At Jamboree, Blodgett’s boat turned left, then again at Back Bay Drive, continuing past the Newporter resort and golf course. Jim followed another quarter mile east, headlights off now, along the dark estuary, until the truck angled to its left, stopped while Blodgett unlocked a chain-link gate, then climbed back in and guided his rig into a wide turnaround that ended in a dock.

Weir pulled off the road, climbed the minor elevation of a hillock, and parked. Through the fog, Blodgett’s boat formed visibly, then vanished. Jim could hear doors opening and closing, scraps of voices blown to him in the breeze. So, he picked up a fishing buddy at Cheverton Sewer & Septic, he thought, ready for a night run off the twelve-mile bank? Weir got out, shut his door quietly, and moved toward an untended row of oleander that sheltered the dock entry from the road. Squatting amid the poisonous foliage, he could see the truck backing Duty Free onto the ramp, Blodgett driving and his buddy — a short man in a flannel shirt and a baseball cap — already aboard. A moment later, the ship was afloat, its propeller pulling it back into the bay. Blodgett left the truck on the ramp, climbed onto the dock, and ran out to the end. Duty Free glided in to pick him up, accelerating noisily. Within seconds, she had entered the fog, leaving for Weir only the departing growl of an overworked, poorly maintained engine.

Jim walked down to Blodgett’s truck, boot heels sliding in the sand, and climbed the fence. Blodgett is the kind of guy, he thought, who’s got a burglar alarm on everything. Jim peered through Knight’s smudges on the passenger-side window: an empty cup of coffee on the dash, a few compact discs scattered on the seat, a police radio fastened beneath the CD player. For a moment, he stood on the dock and looked toward the other side, but the fog choked off his eyesight at a hundred yards. Half a mile across, he thought, is where Ann went in. The water lapped against the pilings and a low-flying seabird hissed past invisibly above him.

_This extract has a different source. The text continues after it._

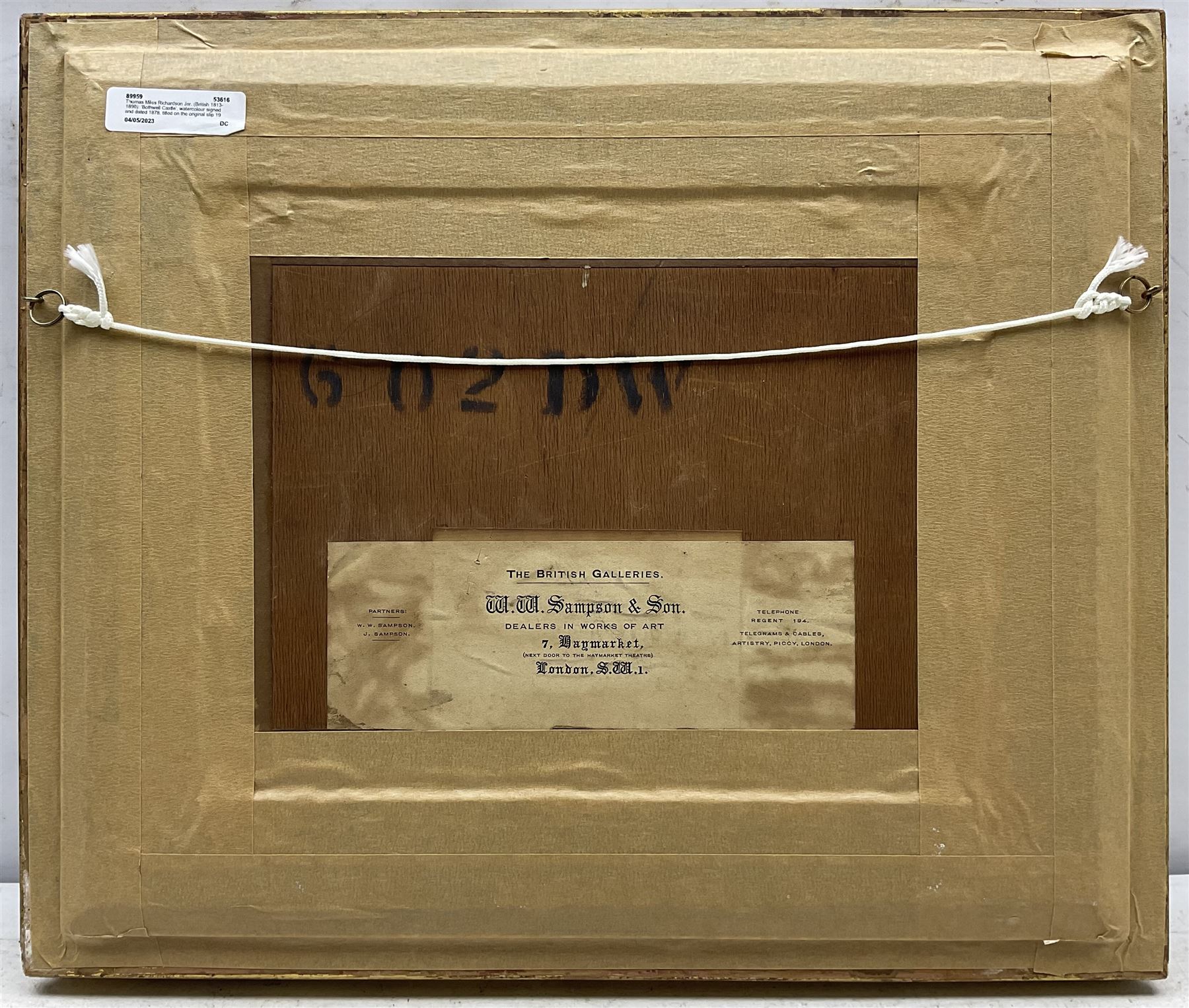 Thomas Miles Richardson Jnr. (British 1813-1890): 'Bothwell Castle', watercolour signed and dated 1878, titled on the original slip 19cm x 26cm 
Provenance: private collection, purchased James Alder Fine Art, Hexham; with Peter Francis Auctioneers 24th February 2016 Lot 177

Forty minutes later — it was 11:55 — Duty Free appeared mid-bay, engine clanking horribly, trailing smoke that mingled quickly in the fog. She labored into dock. Then, the reverse of what happened before: Blodgett off at dock’s end, Baseball Cap and Knight bringing the boat in close and finally running her up onto the trailer while Blodgett, knee-deep in water, helped to guide her on. Within five minutes, they were back in the truck and the stern of Duty Free was clearing the bay. Whatever was under the tarp was still there now. Jim watched the water steaming off the taillights as Blodgett followed the loop that would bring him to the gate, then back to the road. Weir let his truck roll down the hill, shifted to second, popped the clutch, and rumbled along the road well ahead of Duty Free.

He pulled off on a utility road by the golf course and waited. Two minutes later, Blodgett drove by, faster now, the boat swaying heavily upon its trailer. So, Weir thought, a sportfisher with no fishing rods, no tackle, no landing net, no game bags, no gaff. Two fishermen without a fish. A trip that took two hours to get ready for, and forty minutes to complete. If they weren’t after fish, what were they after?

He watched the trailer moving along the bayfront, heading for Jamboree Road.